Periodical by Samuel Johnson

The Rambler was a periodical (strictly, a series of short papers) by Samuel Johnson.

==Description==
The Rambler was published on Tuesdays and Saturdays from 1750 to 1752 and totals 208 articles. It was Johnson's most consistent and sustained work in the English language. Though The Rambler was superficially similar to earlier publications such as The Spectator and The Tatler, Johnson made his periodical unique by using a style of prose which differed from that of the time period. The most popular publications of the day were written in the common or colloquial language of the people whereas The Rambler was written in elevated prose. The Rambler discussed subjects such as morality, literature, society, politics, and religion. Johnson included quotes and ideas in his publication from Renaissance humanists such as Desiderius Erasmus and René Descartes. His writings in The Rambler are considered to be neoclassical.

==Purpose==
The Rambler was written primarily for the newfound, rising middle-class of the 18th century, who sought social fluency within aristocratic social circles. It was especially targeted to the middle-class audience that were increasingly marrying into aristocratic families in order to create socio-economic alliances, but did not possess the social and intellectual tools to integrate into those higher social circles which required great understanding of subjects, as listed above in the Description. Copies of The Rambler were written in essay form and were made cheaply available to the middle-class. In his fourth section of The Rambler (31 March 1750), Johnson points out that he would like to "Join both profit and delight in one" in the prelude; that is, provide intellectual profit and literary delight to those who read his work. This desire to "join both profit and delight" streams throughout the publications, and is particularly resonant of Classical literary design. The majority of the subject matter in The Rambler focused more on moral than social issues. In this sense, Johnson's writings were didactic, although he maintains an explorative attitude rather than a strictly instructive voice.

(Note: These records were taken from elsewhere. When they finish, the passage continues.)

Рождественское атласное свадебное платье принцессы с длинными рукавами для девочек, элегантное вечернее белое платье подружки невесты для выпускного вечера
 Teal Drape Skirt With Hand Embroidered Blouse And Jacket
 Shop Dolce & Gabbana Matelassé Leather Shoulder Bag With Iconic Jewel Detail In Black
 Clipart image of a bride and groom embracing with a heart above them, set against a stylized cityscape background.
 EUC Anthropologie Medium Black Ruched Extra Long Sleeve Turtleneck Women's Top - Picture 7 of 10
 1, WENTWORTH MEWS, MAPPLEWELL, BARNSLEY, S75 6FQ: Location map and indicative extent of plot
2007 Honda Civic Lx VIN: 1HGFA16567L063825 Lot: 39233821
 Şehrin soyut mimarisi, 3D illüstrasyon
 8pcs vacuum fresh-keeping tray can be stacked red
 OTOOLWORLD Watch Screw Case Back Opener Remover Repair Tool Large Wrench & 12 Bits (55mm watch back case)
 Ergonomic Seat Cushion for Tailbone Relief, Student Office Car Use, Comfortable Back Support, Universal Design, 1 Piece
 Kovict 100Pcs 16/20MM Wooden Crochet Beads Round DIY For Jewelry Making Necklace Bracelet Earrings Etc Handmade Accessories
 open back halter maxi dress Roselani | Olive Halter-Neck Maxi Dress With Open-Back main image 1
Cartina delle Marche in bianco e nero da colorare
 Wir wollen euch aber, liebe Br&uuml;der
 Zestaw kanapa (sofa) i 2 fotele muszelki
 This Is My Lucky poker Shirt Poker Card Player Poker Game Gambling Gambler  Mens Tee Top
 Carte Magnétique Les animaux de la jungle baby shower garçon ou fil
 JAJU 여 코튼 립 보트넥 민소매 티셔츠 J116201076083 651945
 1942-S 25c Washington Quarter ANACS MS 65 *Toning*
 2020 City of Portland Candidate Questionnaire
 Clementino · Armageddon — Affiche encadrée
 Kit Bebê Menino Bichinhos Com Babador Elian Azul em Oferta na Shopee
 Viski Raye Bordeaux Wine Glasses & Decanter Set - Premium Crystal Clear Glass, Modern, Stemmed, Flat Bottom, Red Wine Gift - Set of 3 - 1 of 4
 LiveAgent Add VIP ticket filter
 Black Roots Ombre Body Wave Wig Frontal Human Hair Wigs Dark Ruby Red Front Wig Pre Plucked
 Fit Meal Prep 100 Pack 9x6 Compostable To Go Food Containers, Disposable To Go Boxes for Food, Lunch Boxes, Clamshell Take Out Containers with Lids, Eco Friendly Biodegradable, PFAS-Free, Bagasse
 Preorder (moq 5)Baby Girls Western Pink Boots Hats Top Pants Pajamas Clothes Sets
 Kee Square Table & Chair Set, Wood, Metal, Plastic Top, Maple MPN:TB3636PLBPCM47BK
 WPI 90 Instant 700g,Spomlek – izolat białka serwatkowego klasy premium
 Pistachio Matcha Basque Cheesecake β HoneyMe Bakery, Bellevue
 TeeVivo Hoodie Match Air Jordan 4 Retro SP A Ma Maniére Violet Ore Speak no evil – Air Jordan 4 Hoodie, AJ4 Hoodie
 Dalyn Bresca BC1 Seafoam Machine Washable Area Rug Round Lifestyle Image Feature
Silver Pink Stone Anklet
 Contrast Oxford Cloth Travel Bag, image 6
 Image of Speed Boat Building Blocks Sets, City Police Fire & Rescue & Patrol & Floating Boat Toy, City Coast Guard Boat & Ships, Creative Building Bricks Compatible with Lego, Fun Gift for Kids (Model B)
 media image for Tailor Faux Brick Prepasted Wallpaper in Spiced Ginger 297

==Comparison with The Spectator==
As its author lamented in its final essay, "I have never been much a favourite to the publick," the publication was not an immediate success. Perhaps this was due to Johnson's departure from The Spectator, which could be considered his precedent. The latter was a periodical published from 1711 to 1712 by Joseph Addison and Richard Steele, popular for its light treatment of elevated subjects by "enliven[ing] morality with wit." In tone and subject matter, The Rambler was both lengthier and more serious than its popular ancestor in the genre. It also had a strong element of didacticism. The Rambler contained more sermon-like reflective essays and lacked the Spectator's "dramatic" qualities.

There were many, however, who religiously read and appreciated the publication. In his biography of Johnson, James Boswell quotes one contemporary review of The Rambler by Bonnell Thornton and George Colman, "May the publick favours crown his merits, and may not the English, under the auspicious reign of George the Second, neglect a man, who, had he lived in the first century, would have been one of the greatest favourites of Augustus." The Rambler was widely respected for the quality and power of the writing and the masterful use of language and rhetoric.

==Revival==
In 1901, Herbert Vivian produced a magazine called "The Rambler" that he intended as a revival of Johnson's periodical. The revived magazine only lasted until 1902.